-- Opening Marker --

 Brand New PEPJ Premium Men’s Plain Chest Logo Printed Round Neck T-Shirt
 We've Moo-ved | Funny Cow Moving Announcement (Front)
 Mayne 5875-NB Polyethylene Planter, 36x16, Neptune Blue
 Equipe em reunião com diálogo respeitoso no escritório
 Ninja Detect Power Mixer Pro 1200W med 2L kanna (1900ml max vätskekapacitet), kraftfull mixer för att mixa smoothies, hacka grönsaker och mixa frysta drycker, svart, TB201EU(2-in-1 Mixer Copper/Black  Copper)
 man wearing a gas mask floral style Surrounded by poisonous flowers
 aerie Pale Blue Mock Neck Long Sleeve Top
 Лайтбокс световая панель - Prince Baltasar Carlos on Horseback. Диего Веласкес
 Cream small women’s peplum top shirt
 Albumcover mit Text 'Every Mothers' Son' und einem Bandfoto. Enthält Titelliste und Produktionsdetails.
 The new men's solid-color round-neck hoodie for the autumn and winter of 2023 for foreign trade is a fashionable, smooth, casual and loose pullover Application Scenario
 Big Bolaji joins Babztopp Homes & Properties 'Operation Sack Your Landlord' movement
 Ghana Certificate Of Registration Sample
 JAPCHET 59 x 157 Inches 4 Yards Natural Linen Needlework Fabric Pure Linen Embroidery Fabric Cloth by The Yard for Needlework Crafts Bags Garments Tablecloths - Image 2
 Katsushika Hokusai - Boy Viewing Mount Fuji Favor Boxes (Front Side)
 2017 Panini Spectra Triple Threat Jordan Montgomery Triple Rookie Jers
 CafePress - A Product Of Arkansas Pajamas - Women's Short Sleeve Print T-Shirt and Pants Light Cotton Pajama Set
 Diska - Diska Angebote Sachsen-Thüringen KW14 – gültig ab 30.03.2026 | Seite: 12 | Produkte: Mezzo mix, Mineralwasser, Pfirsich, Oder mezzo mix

-- Closing Marker --

> **Instructions for the task**: Take every line of the material that contains the word "Blue", and copy it.

> **Result**:
 Mayne 5875-NB Polyethylene Planter, 36x16, Neptune Blue
 aerie Pale Blue Mock Neck Long Sleeve Top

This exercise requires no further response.